The straightforward tactic for the age-old children's pastime of musical chairs is being nimbler and quicker than your competitors to escape being the last one standing. Currently, US regional airlines are playing this game. But one key question remains - what will happen this time when the music stops?

Undoubtedly the exponential growth experienced by regional carriers in the mid-1990s to the early 2000s has not continued. Now airlines find themselves jockeying for business from a shrinking pool of network carriers, based at a small number of hub airports.

With the consummation of United and Continental's merger in late 2010, just four US network groups exist, leaving fewer chairs in the game.

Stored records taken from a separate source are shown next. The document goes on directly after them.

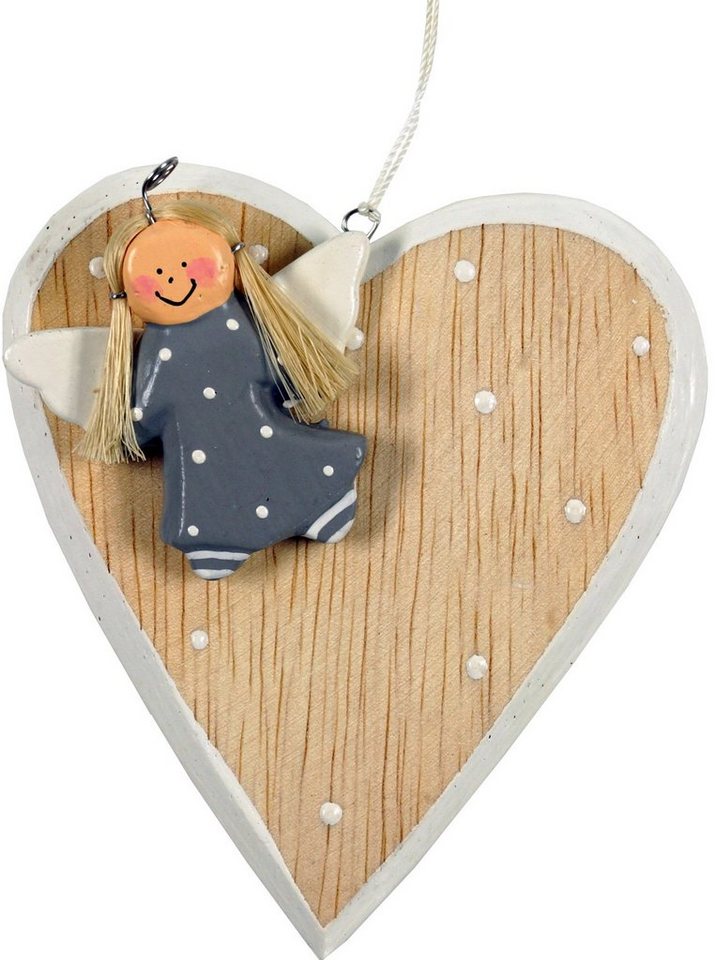 Guru-Shop Christbaumschmuck Christbaumschmuck Herz mit Schutzengel in 3.. Guru-Shop Christbaumschmuck Christbaumschmuck Herz mit Schutzengel in 3.. von Guru-Shop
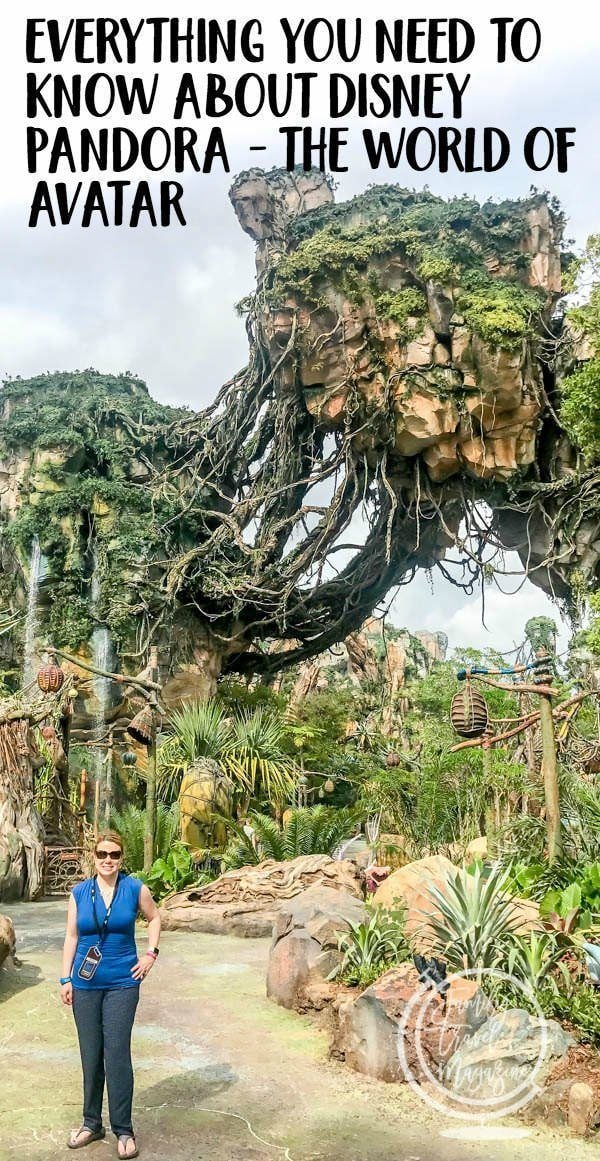 Jodi in front of Pandora floating rocks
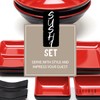 GOLIBER 10 Piece Japanese Style Dinnerware Set - Includes 2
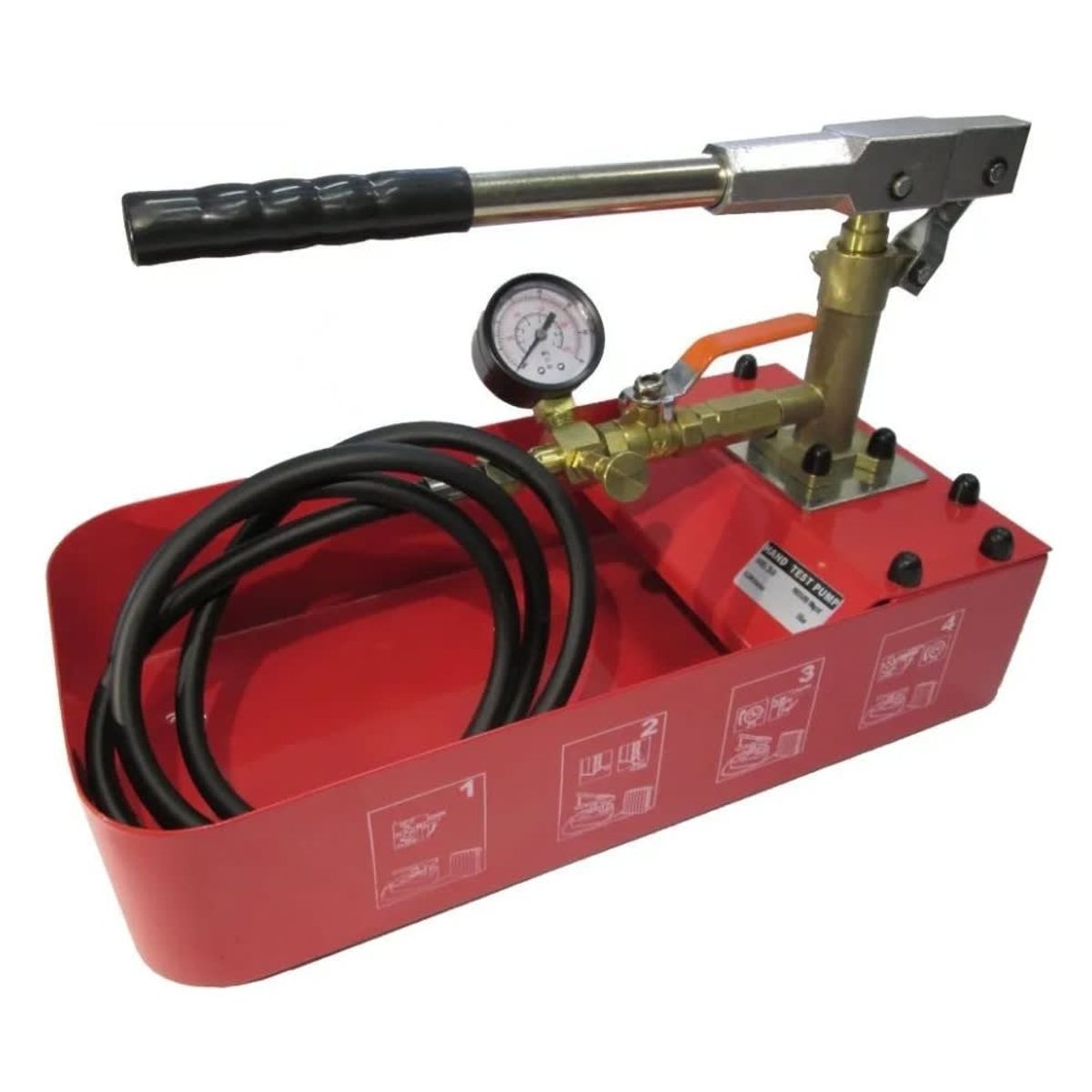 GENERICO - Bomba Manual Prueba De Presion Hidraulica 0-50bar 16 Ml/min (ZD-50)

The result is that regional carriers with balance sheets strong enough to support scooping up their competitors, such as SkyWest, are building powerhouses to ensure the longevity of their play. To a lesser degree Pinnacle is building its own fortress to outlast its competitors through strategic acquisitions.

The mergers and takeovers have allowed those airlines to build efficiency of scale, giving them some leverage in their dealings with legacy carriers during the next few years. To an extent, the boot has moved foot.

Yet one ultimate question remains. Is positioning yourself to jockey around a shrinking number of chairs any way to build a business for the long term?

Aside from SkyWest's foray into offshore investments and Republic's diversification strategy through its acquisition of low-fare carrier Frontier Airlines, US regional carriers are largely basing their gameplans on the hope that scope clauses - inherent elements of mainline pilot contracts that constrain the number of seats on aircraft that are flown by regional airlines - will continue to dissolve.

While scope has loosened over the past few years from the tight noose of 50-seat aircraft, the cut-off tolerated by mainline pilots is 76 seats. But escalating oil prices - which have effectively killed off the smallest regional jet types - mean the sustainability of 70-seat aircraft is now under question.

If the traditional hub-and-spoke air transport system is to survive in North America, regional carriers need - almost certainly through consolidation - to switch to larger, more efficient equipment and redefine their relationships with the majors.

As far as the existing business model is concerned, the rules of the game are changing fast.